→ What to work on
Look below for the line with "Lecture en ligne One Piece 1058 page 4"; begin the copy there and stop after the line with "200.90 WALMART by", keeping the text exact and the pictures out.

→ Information
****************************************

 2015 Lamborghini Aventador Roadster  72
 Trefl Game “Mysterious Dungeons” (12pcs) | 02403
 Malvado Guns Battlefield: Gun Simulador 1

****************************************

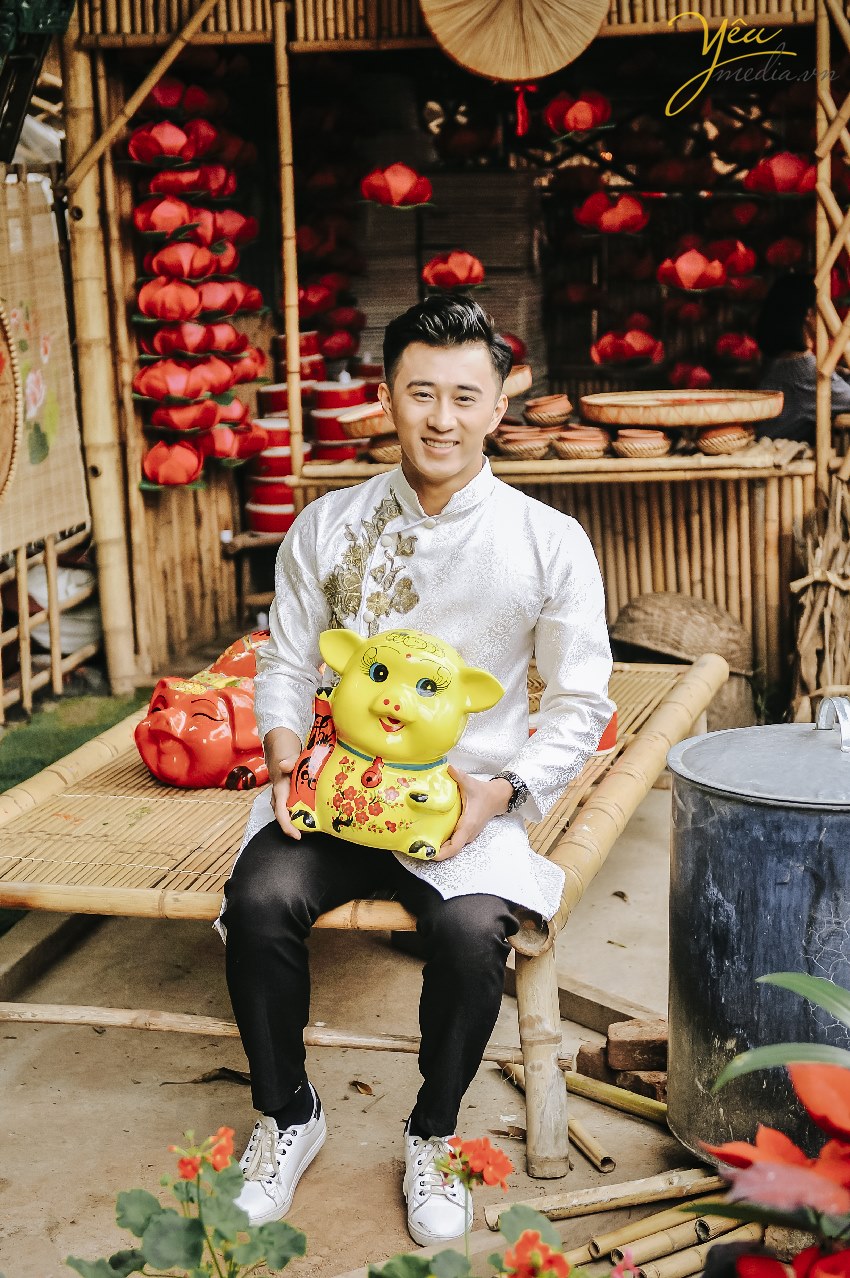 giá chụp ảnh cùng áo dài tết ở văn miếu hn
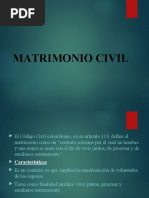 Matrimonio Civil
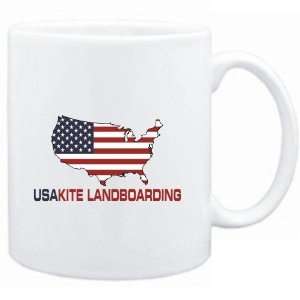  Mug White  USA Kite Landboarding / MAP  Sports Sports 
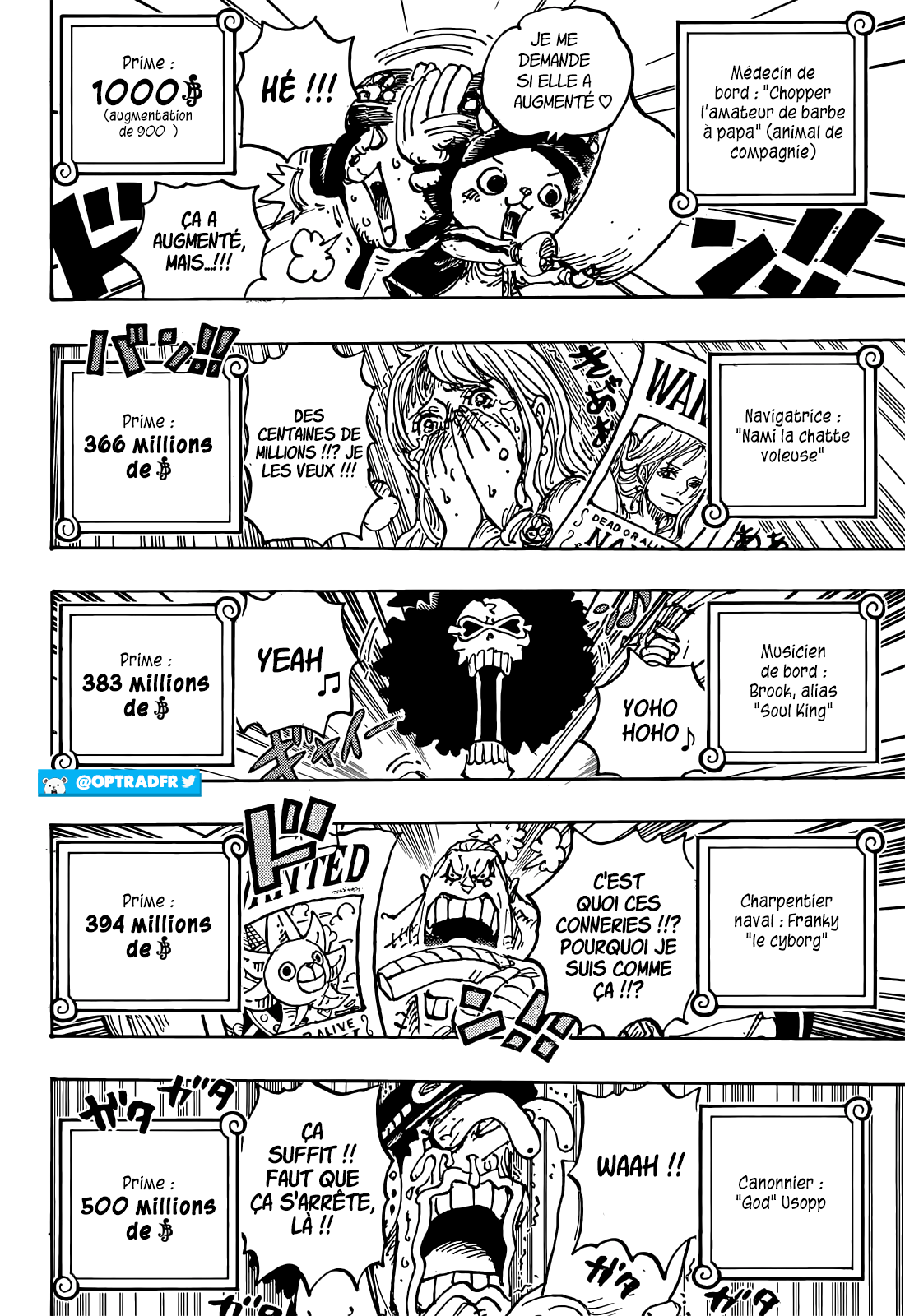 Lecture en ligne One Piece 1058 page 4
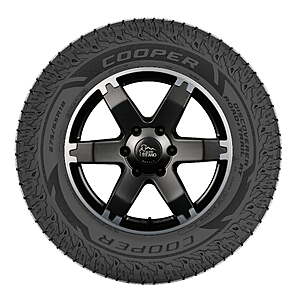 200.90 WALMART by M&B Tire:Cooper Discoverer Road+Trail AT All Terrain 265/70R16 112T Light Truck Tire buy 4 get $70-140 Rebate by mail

****************************************

→ Result below
 Lecture en ligne One Piece 1058 page 4
 200.90 WALMART by M&B Tire:Cooper Discoverer Road+Trail AT All Terrain 265/70R16 112T Light Truck Tire buy 4 get $70-140 Rebate by mail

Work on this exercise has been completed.